The Anzac Project- Helping Us Remember @ The Ensemble Theatre

Inset- The Anzac Project
Inset pic- Eric Beecroft and David Terry in Dear Mum and Dad. Featured pic- Anita Hegh and David Terry. Production pics by Clare Hawley

As part of this year’s 100th anniversary of the Australian and New Zealand troops landing on the Gallipoli Peninsula in an offensive against the Turkish Army during World War 1, the Ensemble Theatre  has developed and is now presenting its production, THE ANZAC PROJECT- HELPING US REMEMBER.

As we all know only too painfully, the campaign was a disastrous one. The troops were largely cannon fodder but the camaraderie, sardonic humour and bravery of the Australian and New Zealand forces launched a legend, henceforth known as the ANZACS that continues to be recognised every 25th April since 1916.

The two new works, commissioned by the Ensemble Theatre for their 2015 season, and written by experienced playwrights Geoffrey Atherton and Vanessa Bates, have many overlaps and similarities in style and content.

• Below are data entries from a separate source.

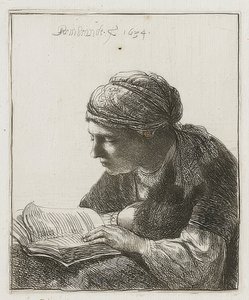 Lesende. 1634 od Rembrandt van Rijn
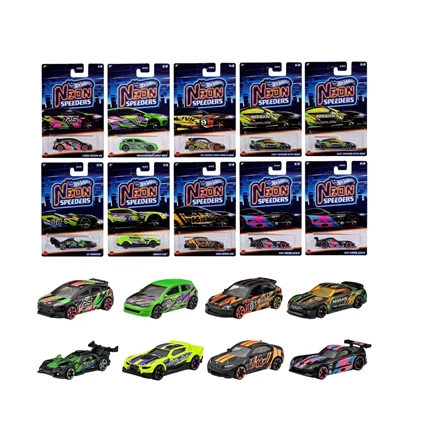 Mattel HOT WHEELS neoniniai lenktyniniai automodeliukai (HLH72)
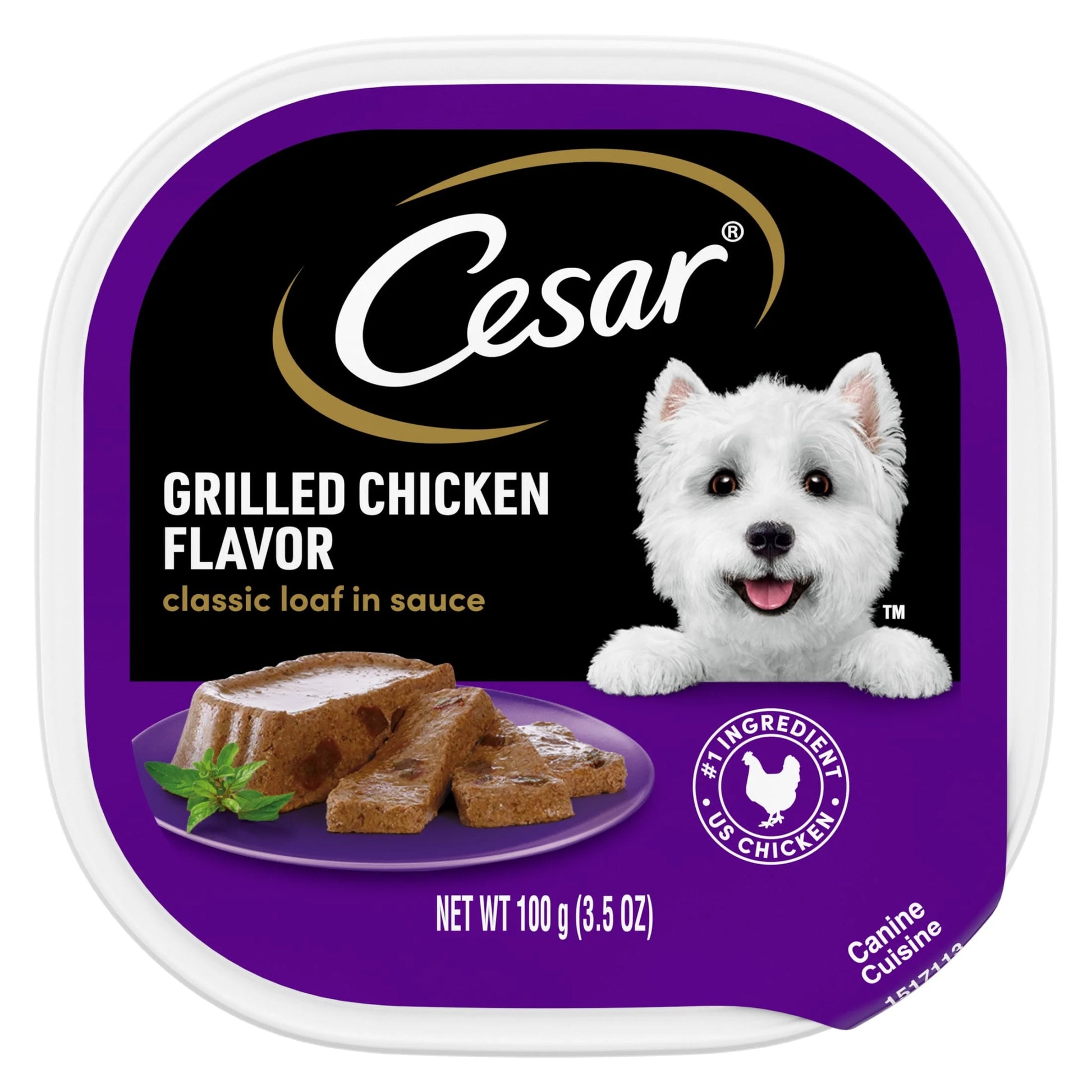 Classic Grilled Chicken Wet Dog Food in Sauce, 3.5 Oz Easy Peel Tray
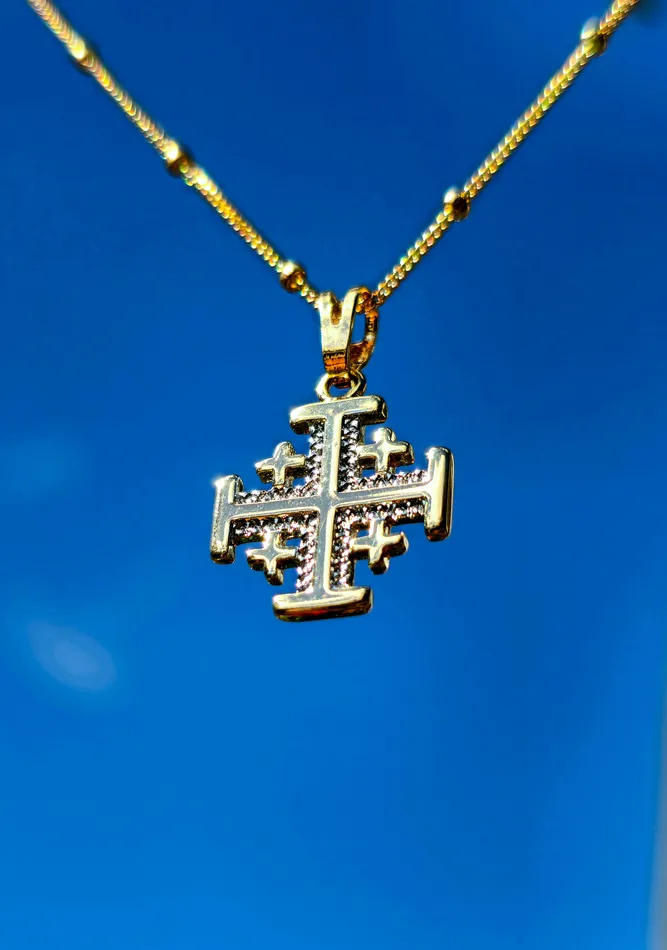 Necklaces The Little Catholic Jerusalem Cross Necklace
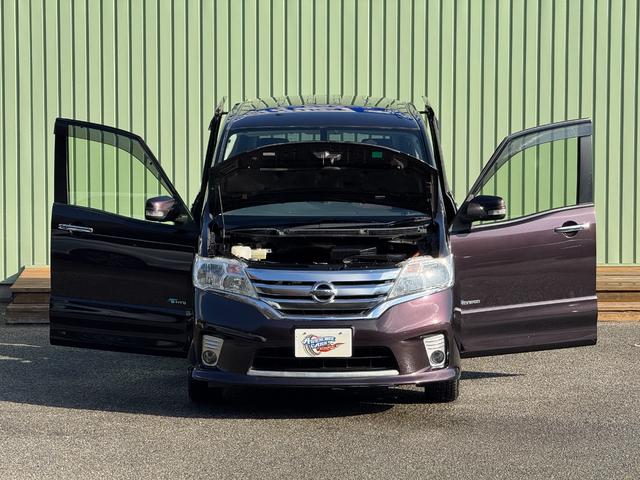 セレナ ハイウェイスター　Ｓ－ハイブリッド　Ｖセレクション　／禁煙車／修復歴なし／両側電動／ＡＬＰＩＮＥ１０インチ後席モニター／Ｗエアコン／フルセグ／Ｂｌｕｅｔｏｏｔｈ／ＣＤ／ＤＶＤ／Ｂカメラ／２３年製タイヤ／インテリキー／１６ＡＷ／クルコン／ＥＴＣ／（37枚目）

With them being presented by the same quartet of actors playing quite similar characters, and both directed by Mark Kilmurry, using the same set, there tends to be a blurring of stories and images into one whole.

Both have memorabilia as their starting point – a letter from a WW1 soldier and some medals for Atherton’s DEAR MUM AND DAD and a whistle for Bates’ LIGHTS BEGIN TO FADE. We swing from past to the present with the actors playing an array of characters with rapid transformation and shifts in time and place.

This is all capably and expertly managed by the talented and credentialed cast of four, Eric Beecroft, Anita Hegh, Amy Mathews and David Terry. Verity Hampson’s lighting design and Daryl Willis’ sound design also keep us on track in terms of time and place, keeping the audience in the moment and on task.

It’s just really hard to remember it all. Impressions are what remain – images and moments of focus and heart, plus a strong underlying theme of deception, secrets and heartache.

Letters home are censored and memories could be fever dreaming. What was behind the British disregard for the Australian troops? Who killed the person on the soccer oval? Did he marry the girl back home?

And the sorrow. The grieving mother whose sons have become sacrificial lambs like the ones in the paddock, carnage and massacre on the Gallipoli landing, the plight of irreparably physically and mentally damaged returned soldiers. White feathers.

Atherton’s DEAR MUM AND DAD does have the stylistic distinction of being very reminiscent of Theatre in Education (TIE). Its use of old fashioned jokes, stock characters, references to CJ Dennis and simple set changes managed by a cast of 2 men and 2 women using transformational acting, hurtled me back to the 80’s and 90’s when TIE companies travelled around in vans and set up in all manner of venues and spaces. It felt like a teaching resource with the stilted, didactic manner of an entertaining and informative show designed to fit in the 60 minute timeslot, including student interaction. Even Kilmurry’s set of ragged palings and a few chairs could be easily adapted for transportation.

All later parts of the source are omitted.